→ **What is required**
After finding the line with "ImageUpload|15466897" in the data below, set down exactly each line through the one with "36 Leinster Road Merivale_9", inclusive, and stop there.

→ **Data records**
----

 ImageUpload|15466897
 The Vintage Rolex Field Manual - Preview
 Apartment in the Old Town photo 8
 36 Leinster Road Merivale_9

----

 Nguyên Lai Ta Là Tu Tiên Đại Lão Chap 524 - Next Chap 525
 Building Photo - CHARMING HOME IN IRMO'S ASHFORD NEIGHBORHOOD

----

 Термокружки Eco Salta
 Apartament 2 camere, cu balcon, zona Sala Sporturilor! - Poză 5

----

→ **Solution to the exercise**
 ImageUpload|15466897
 The Vintage Rolex Field Manual - Preview
 Apartment in the Old Town photo 8
 36 Leinster Road Merivale_9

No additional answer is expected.